And the fact that the system had to be regularly rebooted , and was actually used in the field although this fact was known is simply pathetic, added to which the fact that they couldn't even automate the reboot smacks of gross incomptence.
Whoah! 7 nines uptime!
22 seconds of downtime per year.
Somebody is on drugs if they sold that. Somebody is on even stronger drugs if they bought that story.
"5 nines", for all intents and purposes, is as good as it gets, with "6 nines" seen as the holy grail. The top HA system I've ever dealt with (running a Telco's billing operation spanning 4 countries!) quoted a figure of 0.999996. To nobody's suprise, it did not run Windows.
Wonder how much their failure clause is going to set them back?
Norman Cook's Ode to Sl
psShutdown with task schedular would have been enough. honestly don't think M$ should be held entirely responsible. any f00l coul have set this up.
BTW, going from UNIX to Windows is more of a migration, not necessarily an upgrade.

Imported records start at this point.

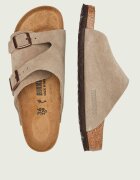 Birkenstock Șlapi Zürich LEVE | narrow fit | piele întoarsă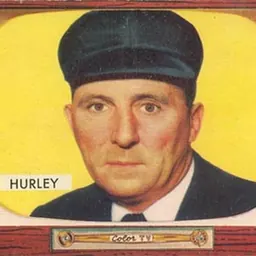 Portrait of Eddie Hurley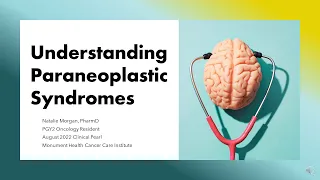 Paraneoplastic Syndromes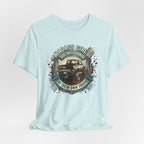 Badass Girls Go Mudding In Their Own Truck T-Shirt
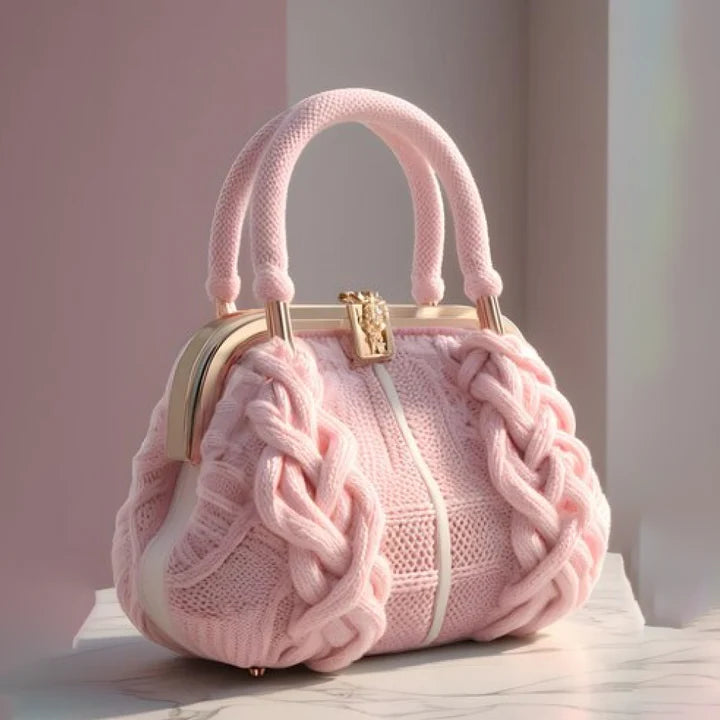 Knitted bag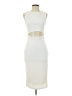 Prettygarden Ivory Cocktail Dress Size S - photo 1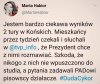 Ciekawe, czy nie był to strzał w kolano...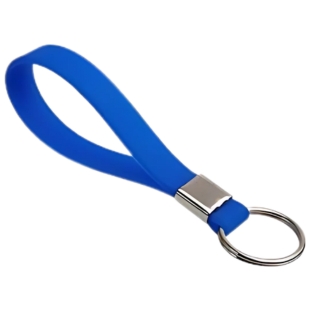 Customized Silicon Belt Keychain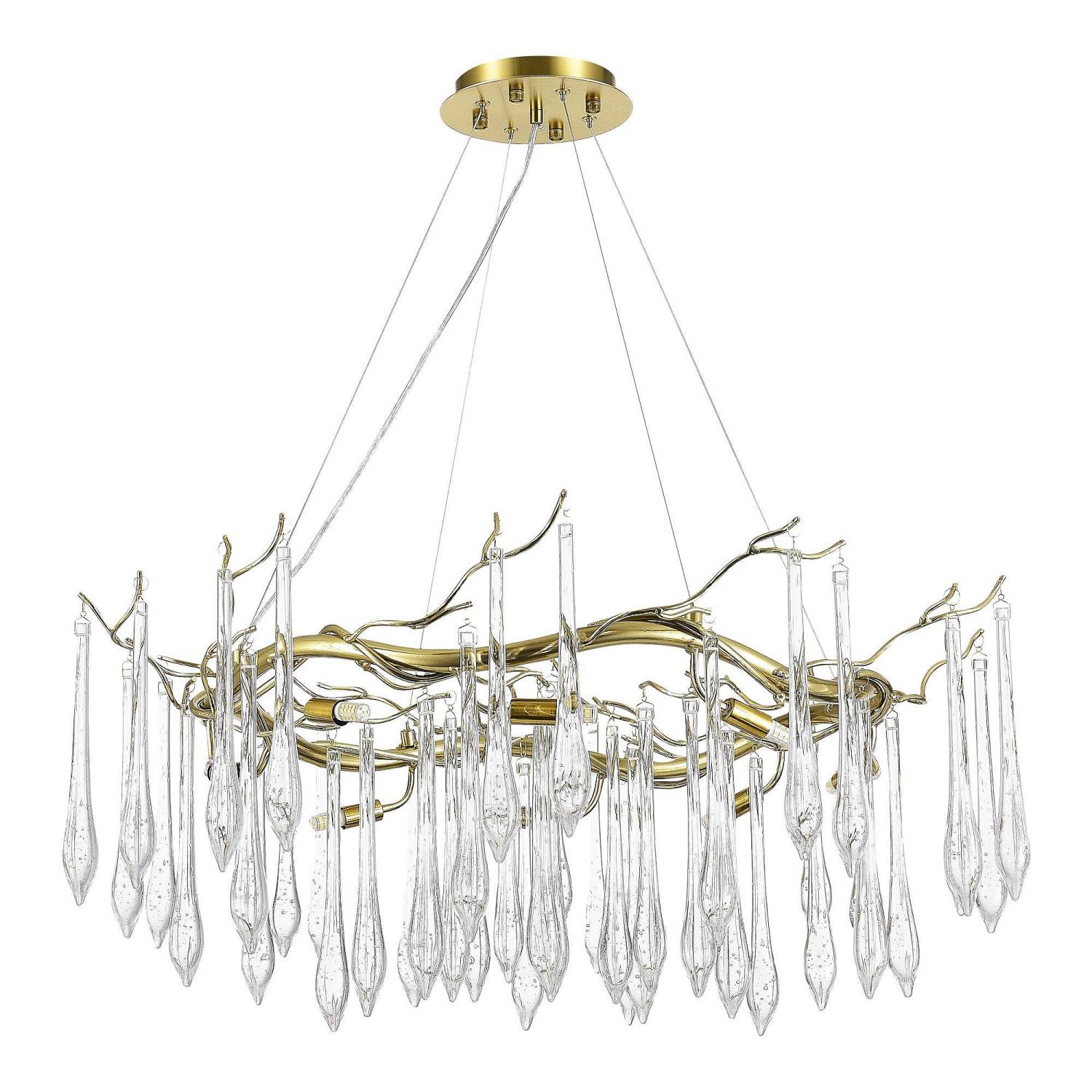 Подвесная люстра ST Luce Teardrops SL1660.203.10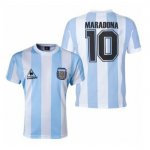 Maillot Argentine Maradona Domicile 1986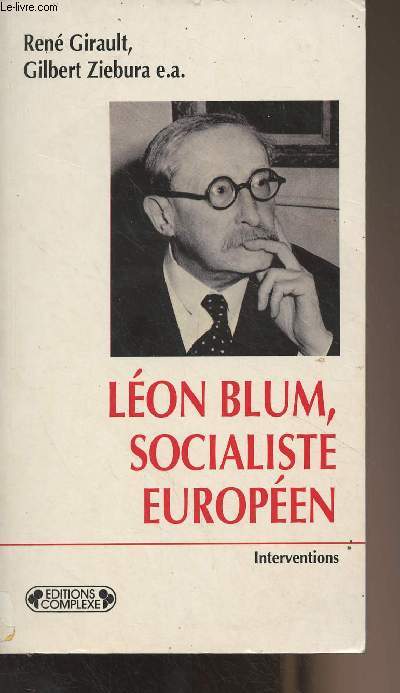 Lon Blum, socialiste europen - 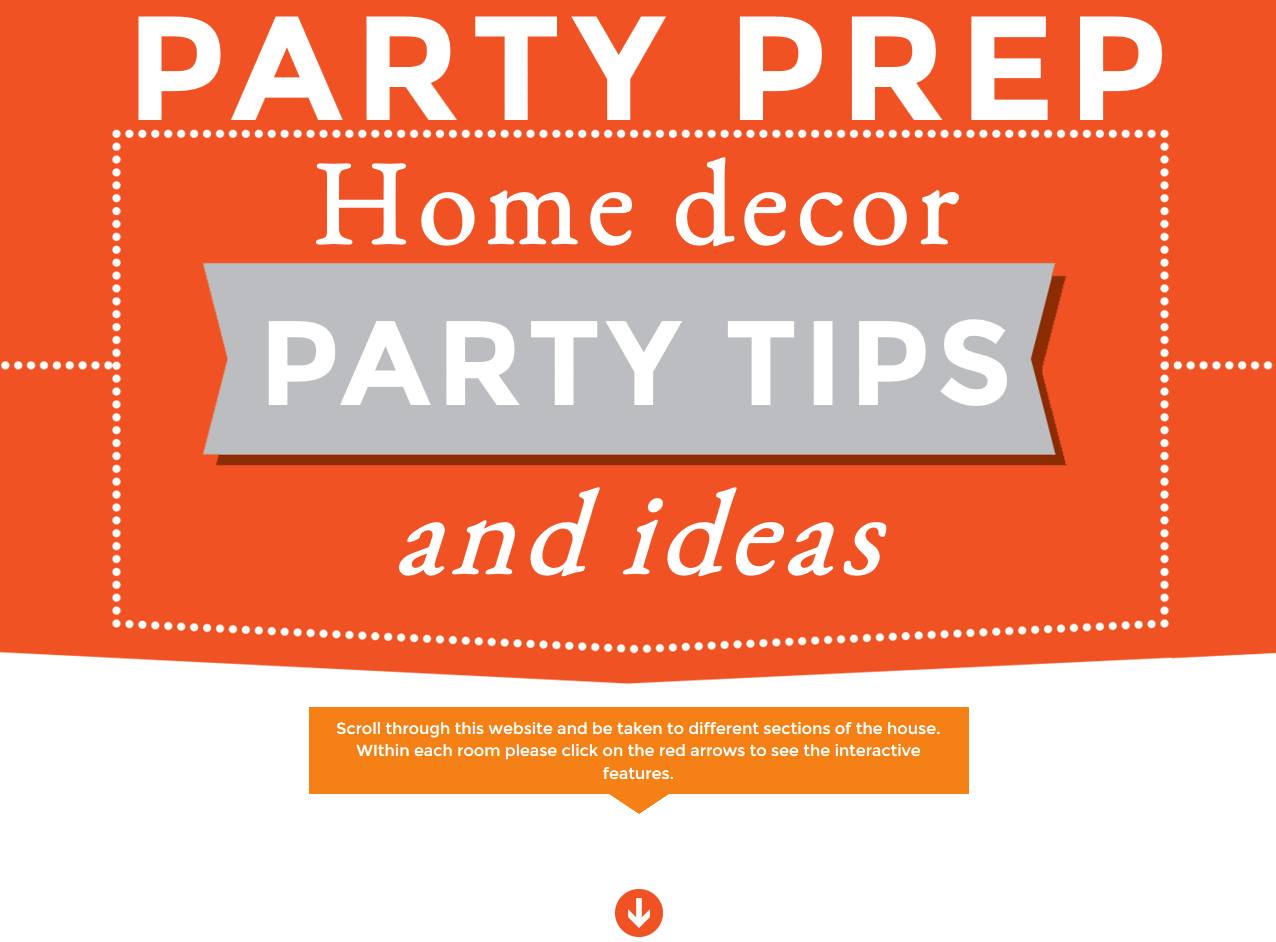 Party Prep Home Decor Party Tips And Ideas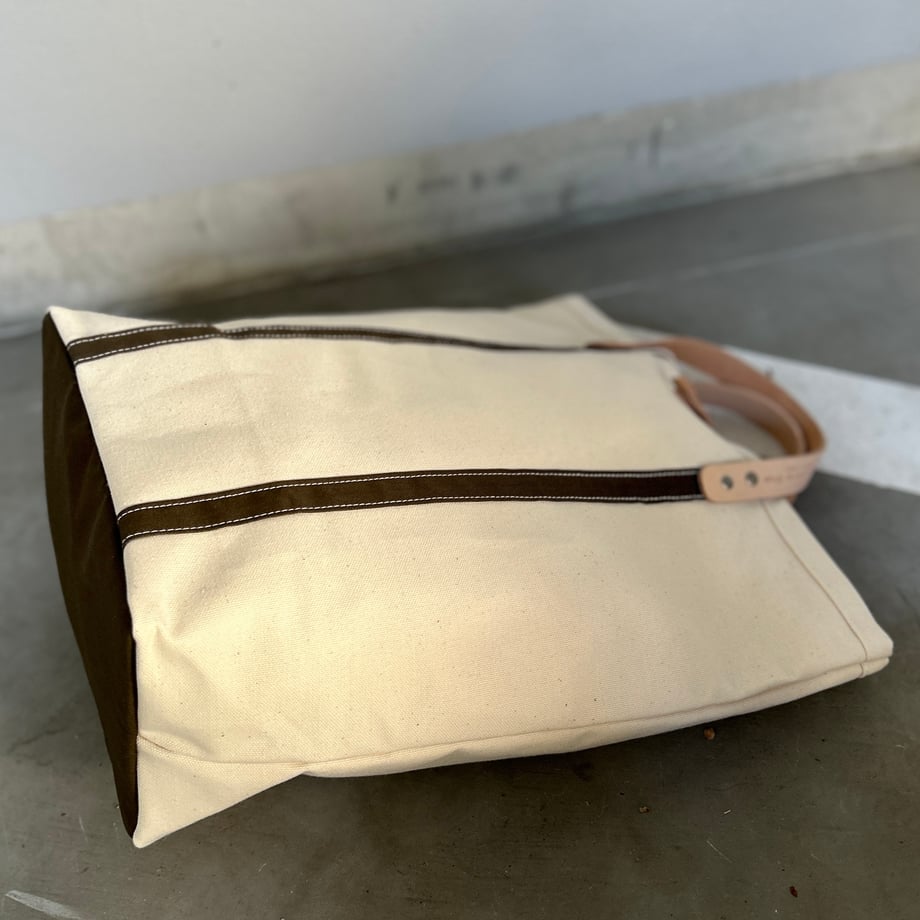 <販売終了>Grocery Bag(Tote HM) KAHKI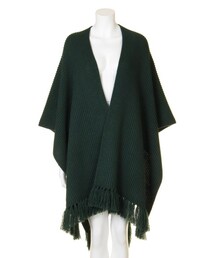 SNIDEL | ポンチョ風ストール(ファッション雑貨)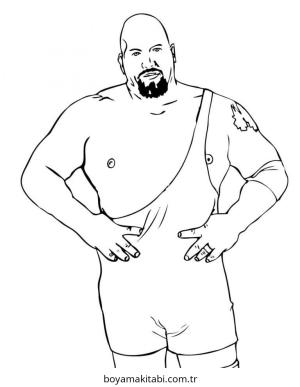 WWE boyama sayfası – evde etkinlik, ücretsiz yazdır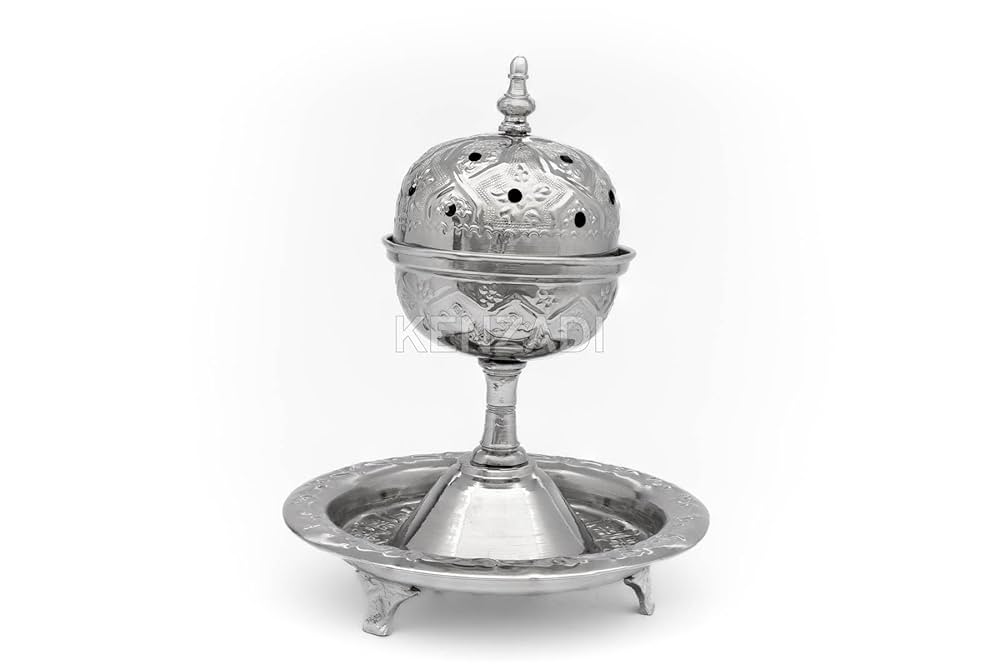 Kenzadi's Moroccan Incense Oud Burner Diffuser: Mbakhra, A
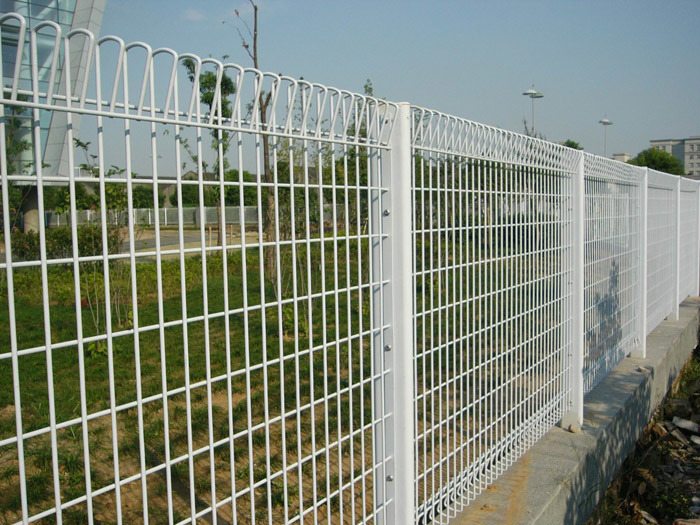 Decorative Wire Mesh Roll Top Fence Malaysia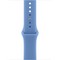 Apple Watch Series 12 46mm GPS Dark Bronze Aluminum Case with Wildflower Blue Sport Band SM/ML - фото 105203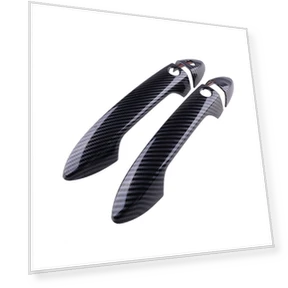 Car Exterior Side Smart Door Handle Cover Trim — Car Door Entry Guard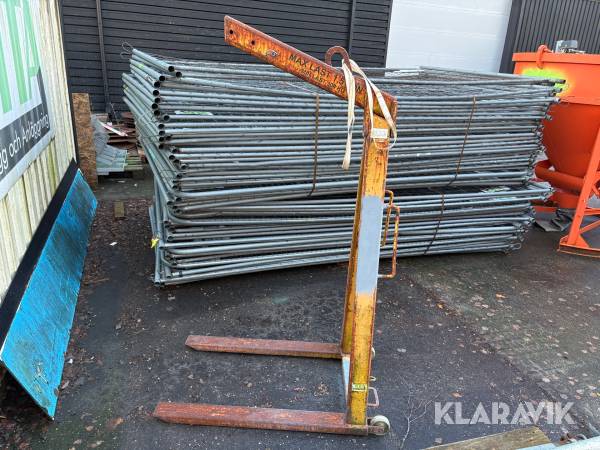 Pallgafflar Certex 1500 kg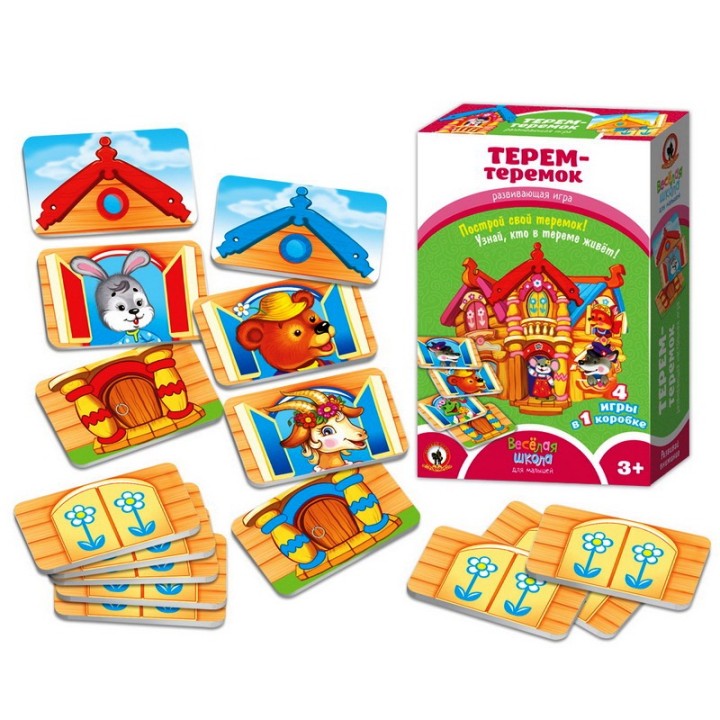 Наст. игра "Терем-теремок" арт.2044 (Стиль)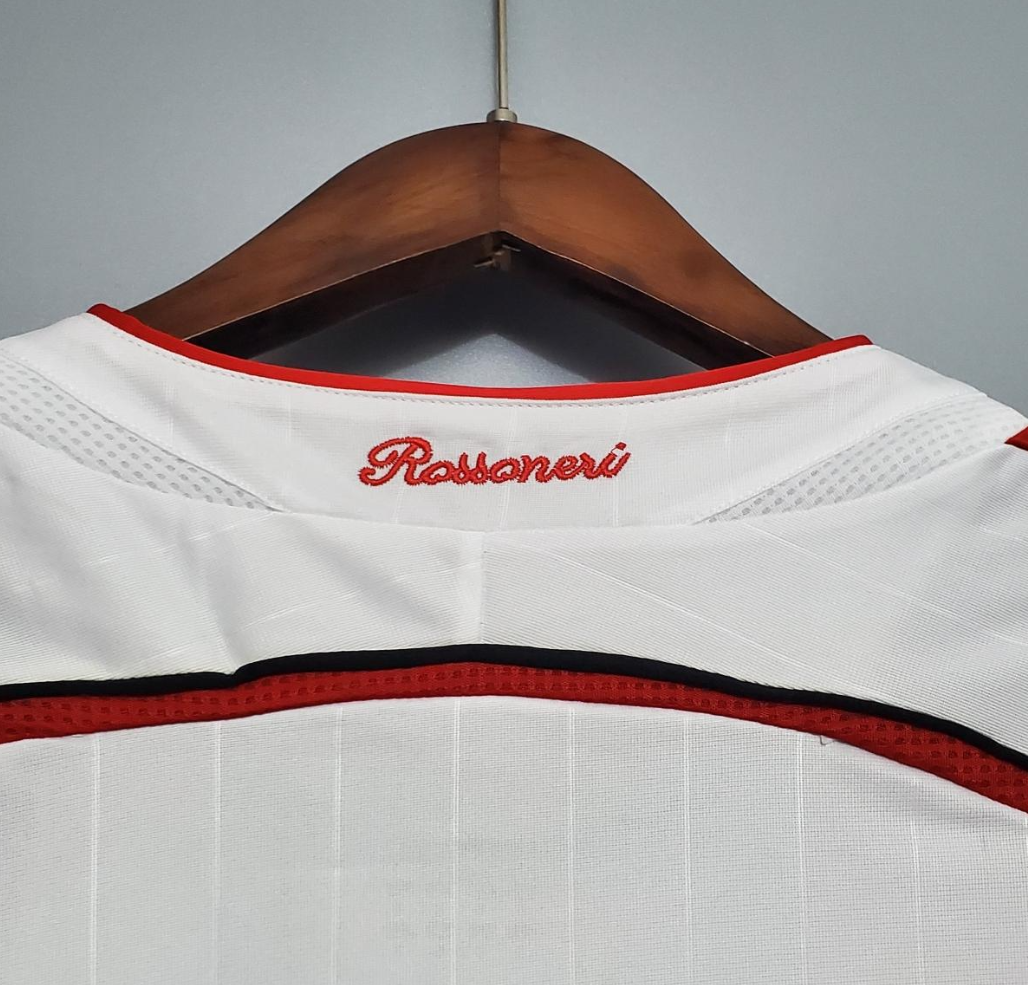 AC Milan 06/07 away white shirt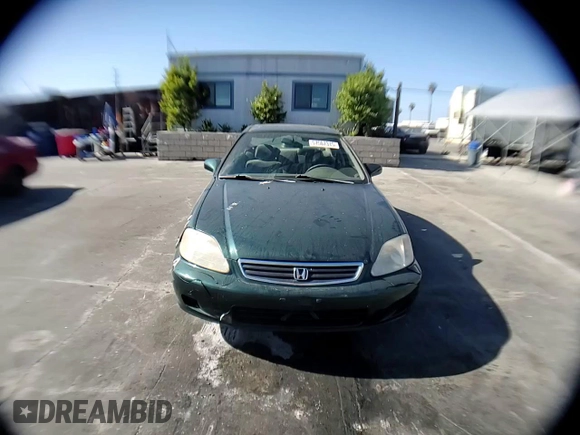 1999 Honda Civic EX z VIN 2HGEJ8647XH528203, wystawiony jako Copart lot #57507315 z przebiegiem 185 450 mil mil oraz Szkoda całkowita • Salvage title. Historia ofert i sprzedaży dostępna na DreamBid. Obrazek 13.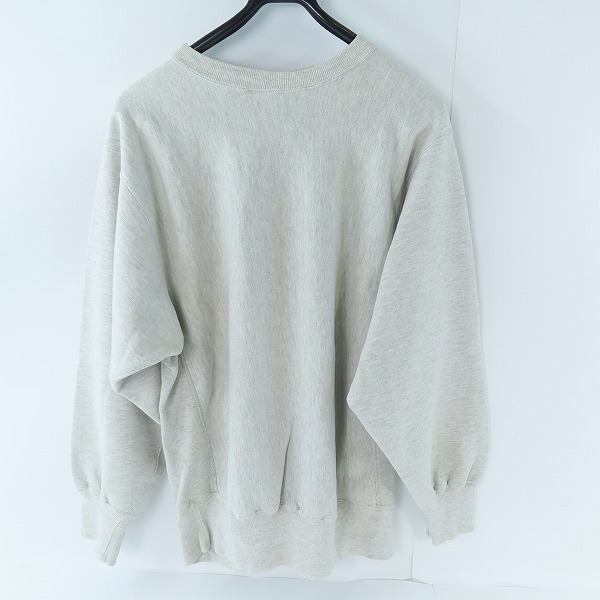 実際に弊社で買取させて頂いたchampion/チャンピオン Reverse Weave/リバースウィーブ スウェットシャツ 1990年代前半期 XLの画像 1枚目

You need people like me so you can point your fuckin fingers and say, "That's the bad guy." So what that make you? Good?
While I hate MS as much as the next guy, this might not really be directly their fault. Unix systems are often installed with the instruction taht they get reboots regularly. Often there is a problem that is caused by application code not the OS. If you have a memory leak in an application that runs and stays up all the time, it's going to cause the system to get horribly unusalbe in the long run regardless of whether it's UNIX or Windows. While a reboot might be overkill when it was just one application misbehaving, a reboot is a guaranteed way to kill and reset the responsible program no matter which one it is. At a previous place of employment we told the customer to do monthly reboots mainly because we didn't trust *our own* code to be that perfect.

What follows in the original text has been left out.